In this case, the right singular vectors are obtained as \(v_i=(\sigma_i\tilde\omega_i)^{-1}A^*\Omega u_i\). The coefficient matrix of (18) is non-Hermitian, so the eigenproblem has to be solved as non-Hermitian, or alternatively it can be formulated as a generalized eigenvalue problem of GHIEP type (cf. section Defining the Problem) for the indefinite pencil \((AA^*,\Omega)\),

(19)#\[AA^*\hat{u}_i=\sigma_i^2\tilde\omega_i\Omega \hat{u}_i,\]

with \(\hat{u}_i=\Omega u_i\). The eigenvectors obtained from equation (18) or equation (19) must be normalized so that \(U^*\Omega U=\tilde\Omega\) holds.

Finally, in the cyclic matrix approach for the HSVD we must solve a generalized eigenvalue problem defined by the matrices of order \((m+n)\)

(20)#\[\begin{split}H(A)=\begin{bmatrix}0&A\\A^*&0\end{bmatrix},\qquad \hat\Omega=\begin{bmatrix}\Omega&0\\0&I\end{bmatrix}.\end{split}\]

As in the case of equation (19), this pencil is Hermitian-indefinite and hence it may have complex eigenvalues. However, it can be shown that nonzero eigenvalues of the pencil \((H(A),\hat\Omega)\) are either real (equal to \(\pm\sigma_i\) for a certain hyperbolic singular value \(\sigma_i\)) or purely imaginary (equal to \(\pm\sigma_ij\) for a certain \(\sigma_i\) with \(j=\sqrt{-1}\)). The associated eigenvectors are \(\left[\begin{smallmatrix}\varsigma_i u_i\\v_i\end{smallmatrix}\right]\), where \(\varsigma_i\) is either \(\pm 1\) or \(\pm j\).

Basic Usage#

From the perspective of the user interface, the SVD package is very similar to EPS, with some differences that will be highlighted shortly.

Example code for basic solution with SVD.#
SVD       svd;       /*  SVD solver context  */
Mat       A;         /*  problem matrix      */
Vec       u, v;      /*  singular vectors    */
PetscReal sigma;     /*  singular value      */
PetscInt  j, nconv;
PetscReal error;

SVDCreate( PETSC_COMM_WORLD, &svd );
SVDSetOperators( svd, A, NULL );
SVDSetProblemType( svd, SVD_STANDARD );
SVDSetFromOptions( svd );
SVDSolve( svd );
SVDGetConverged( svd, &nconv );
for (j=0; j<nconv; j++) {
  SVDGetSingularTriplet( svd, j, &sigma, u, v );
  SVDComputeError( svd, j, SVD_ERROR_RELATIVE, &error );
}
SVDDestroy( &svd );

The basic steps for computing a partial SVD with SLEPc are illustrated in figure Example code for basic solution with SVD.. The steps are more or less the same as those described in chapter EPS: Eigenvalue Problem Solver for the eigenvalue problem. First, the solver context is created with SVDCreate. Then the problem matrices have to be specified with SVDSetOperators and the type of problem can be selected via SVDSetProblemType. Then, a call to SVDSolve invokes the actual solver. After that, SVDGetConverged is used to determine how many solutions have been computed, which are retrieved with SVDGetSingularTriplet. Finally, SVDDestroy gets rid of the object.

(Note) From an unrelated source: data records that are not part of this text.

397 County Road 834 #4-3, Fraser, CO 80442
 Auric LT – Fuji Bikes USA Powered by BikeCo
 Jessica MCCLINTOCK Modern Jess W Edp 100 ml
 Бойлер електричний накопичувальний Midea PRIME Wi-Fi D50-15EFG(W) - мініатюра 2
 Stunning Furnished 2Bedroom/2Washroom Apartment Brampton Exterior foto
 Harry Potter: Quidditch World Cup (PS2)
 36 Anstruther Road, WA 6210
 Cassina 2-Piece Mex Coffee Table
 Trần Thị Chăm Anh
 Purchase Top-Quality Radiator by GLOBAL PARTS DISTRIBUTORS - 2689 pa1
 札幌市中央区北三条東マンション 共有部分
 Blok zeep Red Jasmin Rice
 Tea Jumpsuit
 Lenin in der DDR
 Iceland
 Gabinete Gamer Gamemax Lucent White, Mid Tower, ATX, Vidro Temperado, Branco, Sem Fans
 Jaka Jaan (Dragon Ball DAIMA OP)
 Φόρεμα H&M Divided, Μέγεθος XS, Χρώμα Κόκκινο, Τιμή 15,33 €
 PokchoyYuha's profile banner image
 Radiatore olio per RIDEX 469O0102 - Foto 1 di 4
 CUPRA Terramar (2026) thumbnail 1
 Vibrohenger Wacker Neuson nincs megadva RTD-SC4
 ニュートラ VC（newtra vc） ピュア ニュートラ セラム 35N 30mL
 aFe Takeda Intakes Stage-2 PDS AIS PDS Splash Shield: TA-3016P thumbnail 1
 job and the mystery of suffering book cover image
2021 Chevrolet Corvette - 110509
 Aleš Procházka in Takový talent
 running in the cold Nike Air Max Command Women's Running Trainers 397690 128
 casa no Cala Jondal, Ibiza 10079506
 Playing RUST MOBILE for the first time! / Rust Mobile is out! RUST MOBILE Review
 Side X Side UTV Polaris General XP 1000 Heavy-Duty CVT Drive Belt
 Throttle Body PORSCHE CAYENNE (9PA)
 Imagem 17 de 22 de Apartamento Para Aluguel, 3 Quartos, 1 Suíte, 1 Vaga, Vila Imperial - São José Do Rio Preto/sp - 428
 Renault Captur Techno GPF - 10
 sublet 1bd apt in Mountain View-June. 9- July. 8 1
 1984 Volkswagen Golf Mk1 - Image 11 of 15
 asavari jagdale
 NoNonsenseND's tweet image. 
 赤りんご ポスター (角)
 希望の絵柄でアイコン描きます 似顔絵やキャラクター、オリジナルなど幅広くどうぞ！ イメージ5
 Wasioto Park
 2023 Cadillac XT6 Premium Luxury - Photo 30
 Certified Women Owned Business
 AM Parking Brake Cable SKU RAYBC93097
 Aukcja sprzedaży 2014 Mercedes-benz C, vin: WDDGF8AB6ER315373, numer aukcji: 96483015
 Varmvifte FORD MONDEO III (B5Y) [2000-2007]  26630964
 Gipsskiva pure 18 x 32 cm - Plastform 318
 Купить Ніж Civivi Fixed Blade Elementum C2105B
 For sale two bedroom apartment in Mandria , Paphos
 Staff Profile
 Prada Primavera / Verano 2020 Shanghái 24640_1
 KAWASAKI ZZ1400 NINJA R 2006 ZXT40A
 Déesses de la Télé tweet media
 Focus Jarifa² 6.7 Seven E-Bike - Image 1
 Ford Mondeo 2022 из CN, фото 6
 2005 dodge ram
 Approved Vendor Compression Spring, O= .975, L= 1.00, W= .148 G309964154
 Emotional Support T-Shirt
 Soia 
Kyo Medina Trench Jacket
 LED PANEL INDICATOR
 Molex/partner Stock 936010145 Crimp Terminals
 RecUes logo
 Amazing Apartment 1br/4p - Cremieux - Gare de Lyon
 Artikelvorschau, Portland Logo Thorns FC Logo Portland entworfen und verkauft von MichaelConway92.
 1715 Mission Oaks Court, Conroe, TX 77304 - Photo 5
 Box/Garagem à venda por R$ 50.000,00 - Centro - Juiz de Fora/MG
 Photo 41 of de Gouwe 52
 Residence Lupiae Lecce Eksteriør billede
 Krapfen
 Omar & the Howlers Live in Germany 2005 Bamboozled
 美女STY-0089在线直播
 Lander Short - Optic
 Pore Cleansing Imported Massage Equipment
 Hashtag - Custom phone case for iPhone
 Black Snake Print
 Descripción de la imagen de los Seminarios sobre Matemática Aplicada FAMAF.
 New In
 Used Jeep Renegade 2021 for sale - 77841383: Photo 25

If one compares this example code with the EPS example in figure Example code for basic solution with EPS, the most outstanding differences are the following:

  • The singular value is a PetscReal, not a PetscScalar.

  • Each singular vector is defined with a single Vec object, not two as was the case for eigenvectors.

Defining the Problem#

Defining the problem consists in specifying the problem matrix \(A\) (and also a second matrix \(B\) in case of the GSVD), the problem type, and the portion of the spectrum to be computed.

The problem matrices are provided with the following function SVDSetOperators

SVDSetOperators(SVD svd,Mat A,Mat B);

where A can be any matrix, not necessarily square, stored in any allowed PETSc format including the matrix-free mechanism (see section Supported Matrix Types for a detailed discussion), and B is generally set to NULL except in the case of computing the GSVD. If the problem is hyperbolic (section The Hyperbolic Singular Value Decomposition (HSVD)) then in addition a signature matrix \(\Omega\) must be provided with SVDSetSignature

SVDSetSignature(SVD svd,Vec omega);

Note that \(\Omega\) is represented as a vector containing values equal to 1 or \(-1\).

The problem type can be specified with the function SVDSetProblemType

SVDSetProblemType(SVD svd,SVDProblemType type);

Note that in SVD calling it is currently not strictly required, since the problem type can be deduced from the information passed by the user: if only one matrix is passed to SVDSetOperators the problem type will default to a standard SVD (or hyperbolic SVD if a signature has been provided), while if two matrices are passed then it defaults to GSVD. Still, it is recommended to always call SVDSetProblemType. Table Problem types considered in SVD. lists the supported problem types.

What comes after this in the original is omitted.